Dataset records>
*** Block opens ***

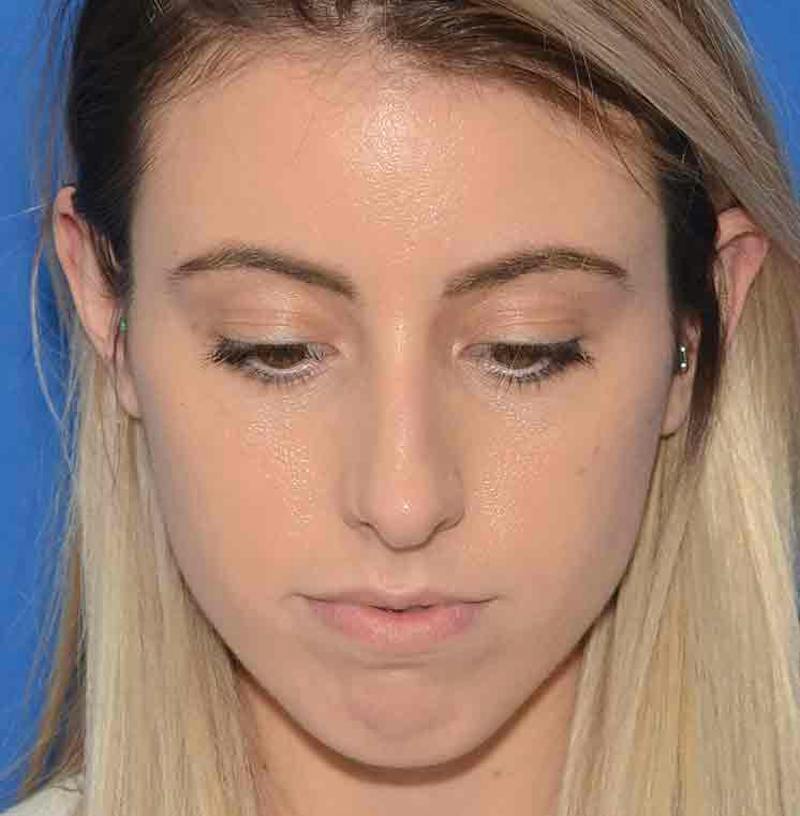 Rhinoplasty Before & After Gallery - Patient 421039 - Image 5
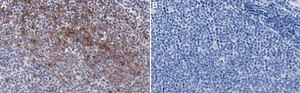 Anti-TGFBR2 Antibody, clone 1N11 ZooMAb&#174; Rabbit Monoclonal recombinant, expressed in HEK 293 cells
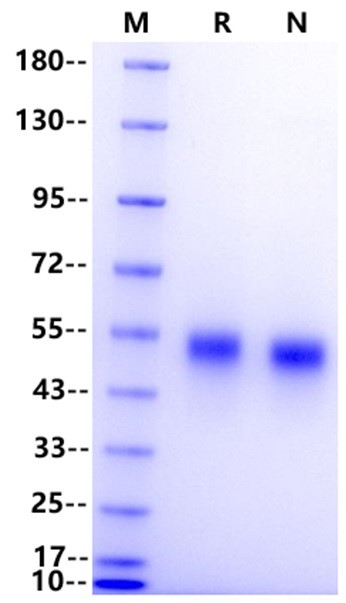Ephrin-B1 His Tag Protein, Human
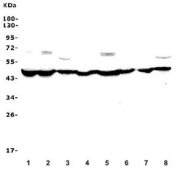 Western blot testing of human 1) placenta, 2) HEK293, 3) A549, 4) HepG2, 5) U-87 MG, 6) rat lung and 7) mouse spleen lysate with EIF4A1 antibody. Predicted molecular weight ~46 kDa.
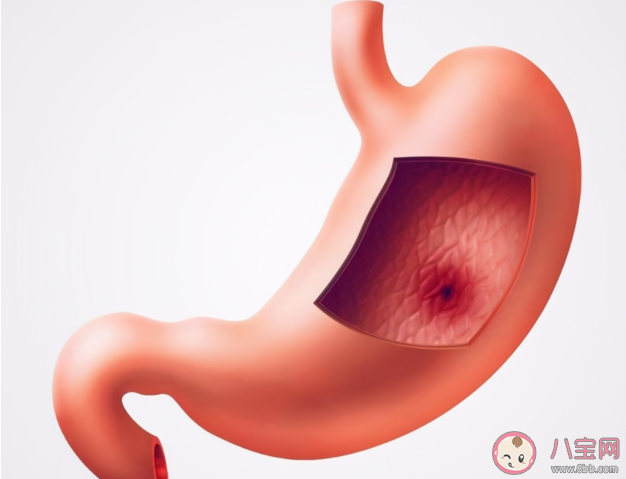 保胃的8個關鍵時間 應杜絕的八條傷胃習慣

*** Block closes ***

TASK PROMPT> Only the lines from the one with "Western blot testing" through the final line of the entries above should be transcribed, exactly and without pictures.

THE ANSWER>
 Western blot testing of human 1) placenta, 2) HEK293, 3) A549, 4) HepG2, 5) U-87 MG, 6) rat lung and 7) mouse spleen lysate with EIF4A1 antibody. Predicted molecular weight ~46 kDa.
 保胃的8個關鍵時間 應杜絕的八條傷胃習慣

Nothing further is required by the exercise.